Charge conservation in a gravitational field in the scalar ether theory

TL;DR

This paper investigates charge conservation in a scalar ether theory with gravity, showing that modified Maxwell equations predict charge non-conservation, but standard equations with an interaction tensor restore conservation and may relate to dark matter.

Contribution

The work introduces an asymptotic scheme for electromagnetic fields in weak gravitational fields and demonstrates that standard Maxwell equations with an interaction tensor are compatible with the scalar ether theory.

Findings

Modified Maxwell equations predict charge non-conservation.

Standard Maxwell equations with an interaction tensor restore charge conservation.

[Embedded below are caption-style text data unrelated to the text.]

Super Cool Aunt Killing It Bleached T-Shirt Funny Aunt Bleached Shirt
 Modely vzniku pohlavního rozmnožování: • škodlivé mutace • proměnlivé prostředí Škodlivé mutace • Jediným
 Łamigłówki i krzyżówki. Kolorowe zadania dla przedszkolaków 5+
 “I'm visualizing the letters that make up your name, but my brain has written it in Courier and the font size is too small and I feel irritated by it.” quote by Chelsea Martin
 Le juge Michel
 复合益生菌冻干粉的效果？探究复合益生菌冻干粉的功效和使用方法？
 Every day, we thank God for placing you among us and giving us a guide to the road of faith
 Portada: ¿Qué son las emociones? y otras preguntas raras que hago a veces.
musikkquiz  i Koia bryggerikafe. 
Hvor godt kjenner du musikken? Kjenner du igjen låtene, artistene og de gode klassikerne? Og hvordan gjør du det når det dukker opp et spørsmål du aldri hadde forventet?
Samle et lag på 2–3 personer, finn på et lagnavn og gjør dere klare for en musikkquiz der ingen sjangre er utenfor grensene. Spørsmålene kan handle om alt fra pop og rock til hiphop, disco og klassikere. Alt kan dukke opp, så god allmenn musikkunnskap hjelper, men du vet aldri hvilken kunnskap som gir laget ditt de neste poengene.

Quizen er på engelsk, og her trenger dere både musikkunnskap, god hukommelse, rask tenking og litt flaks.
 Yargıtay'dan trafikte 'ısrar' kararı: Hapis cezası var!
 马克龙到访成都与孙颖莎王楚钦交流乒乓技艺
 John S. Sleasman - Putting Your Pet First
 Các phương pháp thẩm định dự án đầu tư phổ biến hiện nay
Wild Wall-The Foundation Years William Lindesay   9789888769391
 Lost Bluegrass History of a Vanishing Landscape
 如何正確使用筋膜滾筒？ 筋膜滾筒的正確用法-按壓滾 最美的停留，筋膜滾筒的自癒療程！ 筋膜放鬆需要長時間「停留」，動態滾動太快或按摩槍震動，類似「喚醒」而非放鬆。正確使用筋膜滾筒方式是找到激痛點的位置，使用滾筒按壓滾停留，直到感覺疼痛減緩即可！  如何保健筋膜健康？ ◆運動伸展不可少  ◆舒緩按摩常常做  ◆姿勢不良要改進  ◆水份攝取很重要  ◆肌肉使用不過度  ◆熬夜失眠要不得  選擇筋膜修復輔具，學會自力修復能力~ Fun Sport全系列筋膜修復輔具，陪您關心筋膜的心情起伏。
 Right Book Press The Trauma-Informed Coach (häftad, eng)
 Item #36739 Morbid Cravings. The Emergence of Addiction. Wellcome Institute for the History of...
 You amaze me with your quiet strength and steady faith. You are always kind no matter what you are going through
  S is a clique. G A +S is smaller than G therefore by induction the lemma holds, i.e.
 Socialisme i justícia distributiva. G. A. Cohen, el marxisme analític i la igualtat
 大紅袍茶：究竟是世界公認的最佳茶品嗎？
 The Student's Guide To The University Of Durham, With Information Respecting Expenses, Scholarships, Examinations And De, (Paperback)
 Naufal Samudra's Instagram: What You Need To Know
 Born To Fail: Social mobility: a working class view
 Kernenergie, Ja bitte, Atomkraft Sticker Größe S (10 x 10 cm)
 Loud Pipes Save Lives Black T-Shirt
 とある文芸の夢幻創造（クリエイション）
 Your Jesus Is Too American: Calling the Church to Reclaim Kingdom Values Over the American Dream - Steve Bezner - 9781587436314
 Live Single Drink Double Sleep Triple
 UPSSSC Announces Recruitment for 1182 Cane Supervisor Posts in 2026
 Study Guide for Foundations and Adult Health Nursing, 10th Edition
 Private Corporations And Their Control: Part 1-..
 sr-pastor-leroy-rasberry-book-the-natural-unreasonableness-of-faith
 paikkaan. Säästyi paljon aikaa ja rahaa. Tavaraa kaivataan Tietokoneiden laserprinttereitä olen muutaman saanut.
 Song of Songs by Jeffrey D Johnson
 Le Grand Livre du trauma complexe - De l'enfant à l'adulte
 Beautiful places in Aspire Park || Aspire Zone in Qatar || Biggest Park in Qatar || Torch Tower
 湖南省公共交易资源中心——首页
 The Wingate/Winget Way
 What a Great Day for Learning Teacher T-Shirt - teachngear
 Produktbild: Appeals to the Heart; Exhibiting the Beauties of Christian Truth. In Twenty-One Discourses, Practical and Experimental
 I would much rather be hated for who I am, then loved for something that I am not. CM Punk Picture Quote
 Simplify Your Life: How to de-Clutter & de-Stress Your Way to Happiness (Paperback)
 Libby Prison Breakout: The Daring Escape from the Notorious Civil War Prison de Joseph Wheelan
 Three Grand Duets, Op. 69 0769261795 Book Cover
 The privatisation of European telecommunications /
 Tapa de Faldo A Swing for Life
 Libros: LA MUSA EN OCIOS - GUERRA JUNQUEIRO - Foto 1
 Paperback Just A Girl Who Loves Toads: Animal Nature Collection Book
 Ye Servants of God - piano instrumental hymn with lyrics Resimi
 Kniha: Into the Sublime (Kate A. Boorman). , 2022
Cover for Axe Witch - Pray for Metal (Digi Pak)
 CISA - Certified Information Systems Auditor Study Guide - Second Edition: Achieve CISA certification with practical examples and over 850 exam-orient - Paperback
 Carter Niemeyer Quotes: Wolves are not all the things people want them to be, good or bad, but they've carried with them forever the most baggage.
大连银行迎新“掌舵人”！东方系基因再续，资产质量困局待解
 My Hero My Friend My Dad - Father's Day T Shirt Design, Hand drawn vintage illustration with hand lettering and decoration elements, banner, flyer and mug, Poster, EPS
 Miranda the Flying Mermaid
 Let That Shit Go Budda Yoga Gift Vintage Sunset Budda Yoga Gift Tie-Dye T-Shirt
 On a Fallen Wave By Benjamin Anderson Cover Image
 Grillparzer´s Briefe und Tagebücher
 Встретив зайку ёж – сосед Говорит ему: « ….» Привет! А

Interaction energy could contribute to dark matter.

Abstract

A modification of the Maxwell equations due to the presence of a gravitational field was formerly proposed for a scalar theory with a preferred reference frame. With this modification, the electric charge is not conserved. The aim of the present work was to numerically assess the amount of charge production or destruction. We propose an asymptotic scheme for the electromagnetic field in a weak and slowly varying gravitational field. This scheme is valid independently of the theory and the "gravitationally-modified" Maxwell equations. Then we apply this scheme to plane waves and to a group of Hertzian dipoles in the scalar ether theory. The predicted amounts of charge production/destruction discard the formerly proposed gravitationally-modified Maxwell equations. The theoretical reason for that is the assumption that the total energy tensor is the sum of the energy tensor of the medium producing the electromagnetic (e.m.) field and the e.m. energy tensor. This means that an additional, "interaction" tensor has to be present. With this assumption, the standard Maxwell equations in a curved spacetime, which predict charge conservation, are compatible with the investigated theory. We find that the interaction energy might contribute to the dark matter.